Face au dispositif de sécurité, l’ordre avait été donné à tous les partisans de l’imam de « respecter » les consignes sécuritaires. Cependant, malgré le respect de cette consigne, la CMAS constate que le convoi de l’imam Dicko a été « agressé ». Les tirs de lacrymogènes imputés aux forces de l’ordre ont suscité beaucoup d’attention du fait de l’influence prêtée à l’imam Dicko et de l’intérêt porté au moindre signe de tension potentielle dans un contexte de monopolisation du pouvoir par les militaires.
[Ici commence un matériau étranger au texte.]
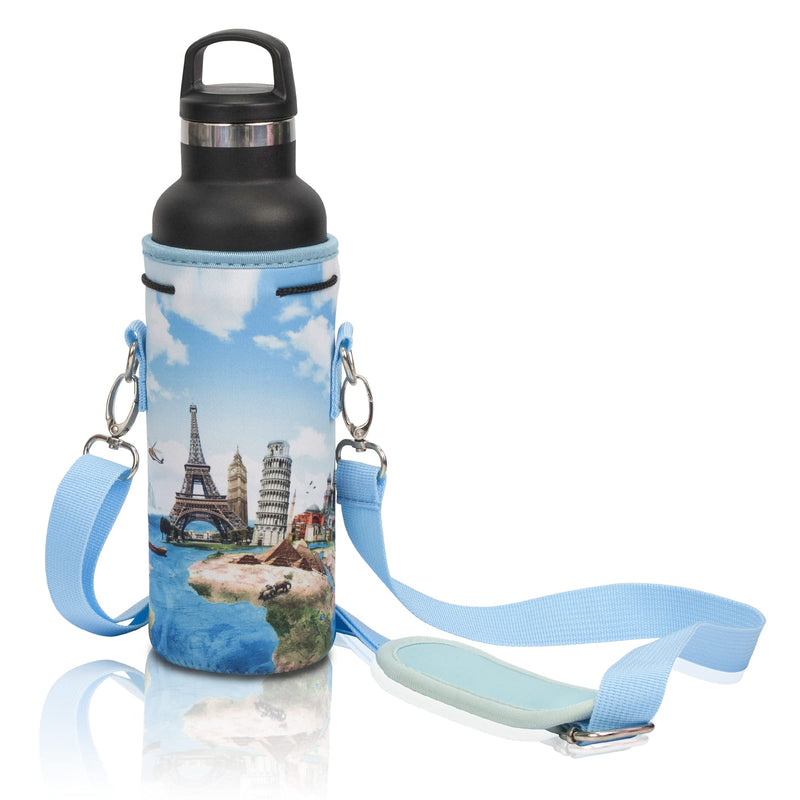 Made Easy Kit Neoprene Water Bottle Carrier Holder with Adjustable Shoulder Strap for Insulating & Carrying Water Container Canteen Flask Available in 5 Sizes 7 Wonders S (12oz-14oz) - BeesActive Australia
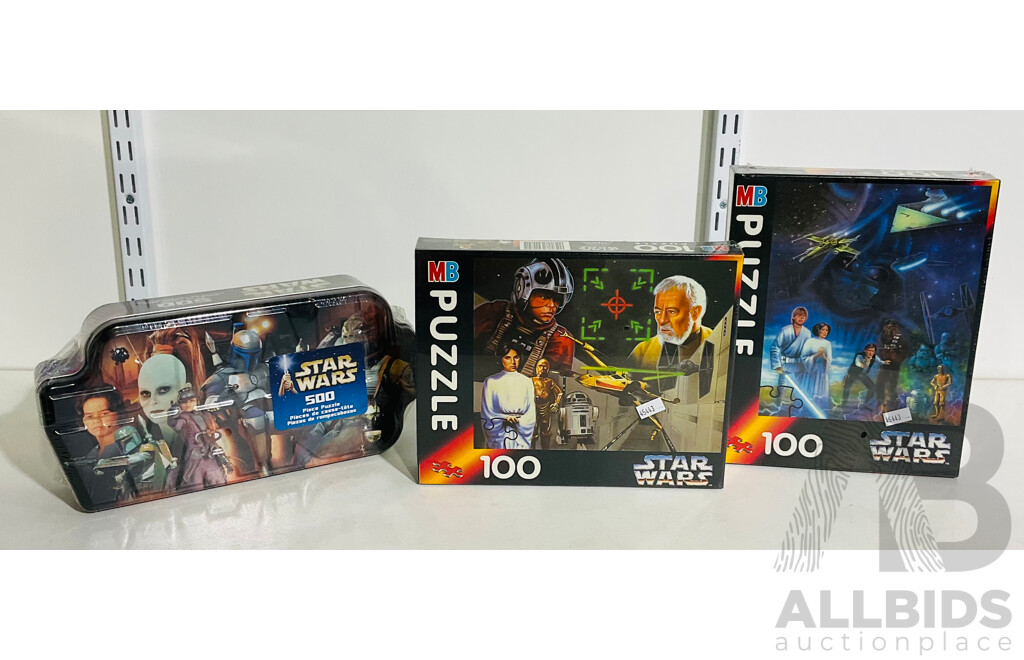 Trio of Vintage Star Wars Collectible Puzzles - Unopened and Still in Plastic Wrap
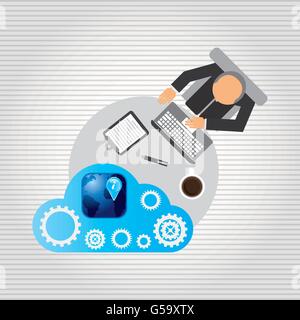 La conception de l'informatique en nuage Illustration de Vecteur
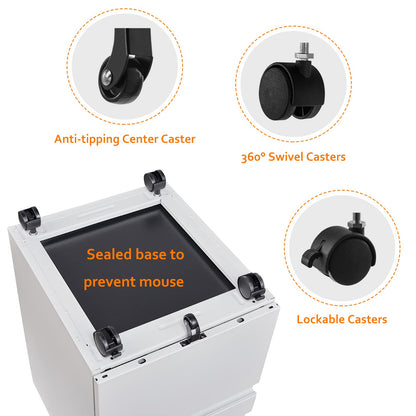 Rollcontainer Aktenschrank abschliessbar 39x50x62 cm weiss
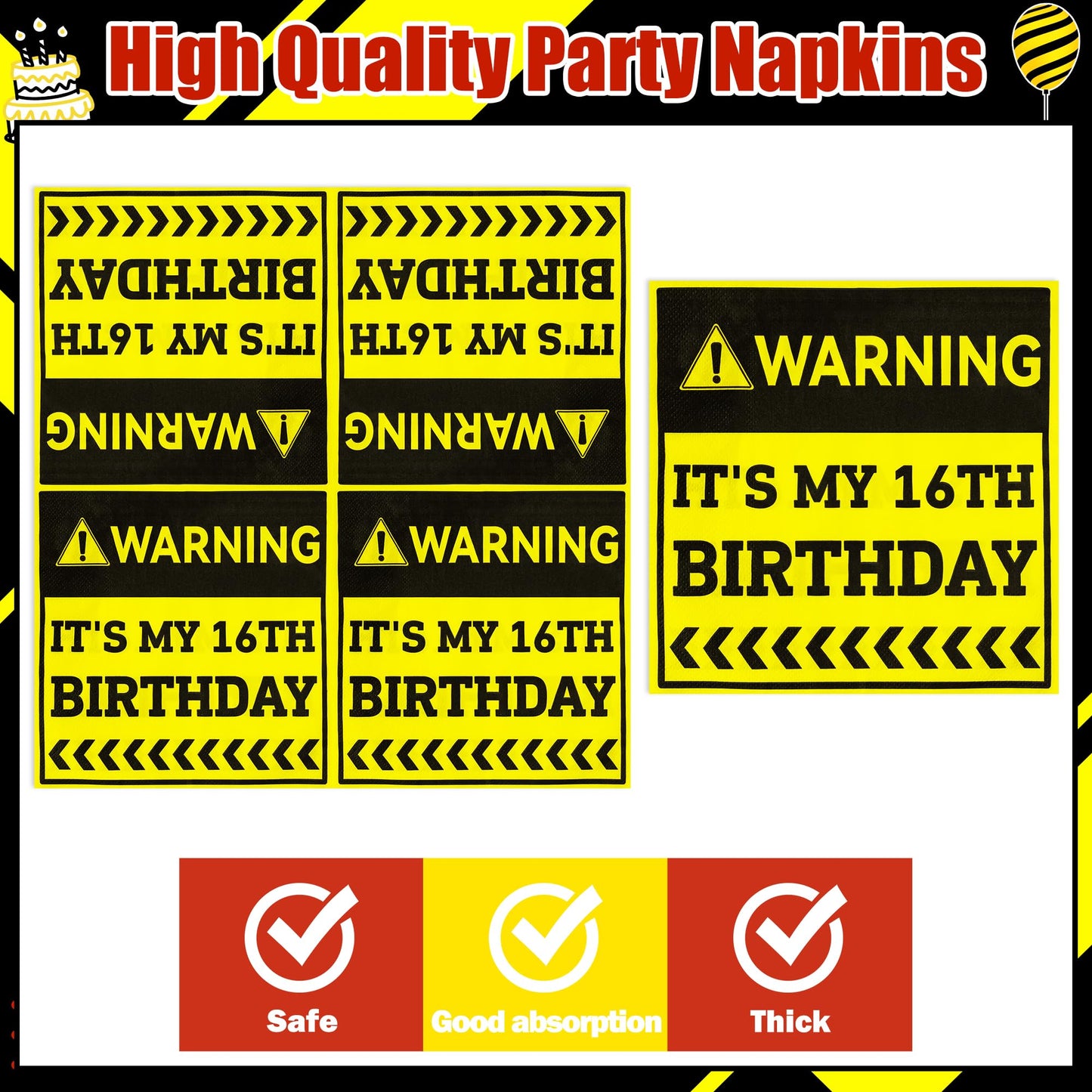 G1ngtar 16th Birthday Themed Paper Napkins - 48Pcs Warning It’s My 16th Birthday Party Decoration Sixteen Years Old Paper Napkin Set Disposable Party Supplies Decor for Teens Boy Girl (6.3 Inches)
Il y a un certain temps déjà que le feu couve. Entre la junte militaire au pouvoir à Bamako et le M5, le Mouvement du 5 juin qui, avec le Rassemblement des forces patriotiques a constitué le fer de lance de la chasse à IBK, ce ne sont pas les frictions qui ont manqué, même si le leader religieux charismatique avait dit déposer les armes pour retourner à son tapis de prière. Sorti de sa réserve face aux dérives des putschistes, l’homme de Dieu a même traité les nouveaux patrons de Bamako, de «dirigeants arrogants» qui gagneraient à changer le fusil d’épaule, au propre comme au figuré, pour éviter de «commettre les erreurs du passé». La dernière pomme de discorde? La Coordination des mouvements, associations et sympathisants de l’imam Mahmoud Dicko (CMAS) est vent debout contre le projet de nouvelle constitution que la junte tient mordicus à faire passer au forceps.
Le religieux et ses partisans ne font pas mystère de leur hostilité à l’initiative, conscients qu’en Afrique, le referendum et les élections ne sont organisés que pour être remportés par ceux qui les ont organisés. C’est ainsi que la candidature du colonel Assimi Goïta pour la prochaine présidentielle est déjà réclamée par un certain «Collectif pour 5 ans ou plus». Pour ce rassemblement aux desseins très peu voilés, cette requête visiblement suscitée par ceux à qui elle profite, entre dans la logique de «préserver la souveraineté retrouvée». Le mot est lâché. Cette «souveraineté» dont se vante la junte, alors qu’en plus d’autres réalités, une bonne partie du territoire national, paradoxalement censé être défendu par Assimi Goïta et ses soldats, est aux mains des terroristes qui sèment au Mali, larmes et désolation au quotidien.
L’imam Dicko a été la figure tutélaire d’un mouvement de contestation qui a précédé le renversement du président Ibrahim Boubacar Keïta par les colonels en 2020. Il a ouvertement exprimé ses désaccords avec la junte.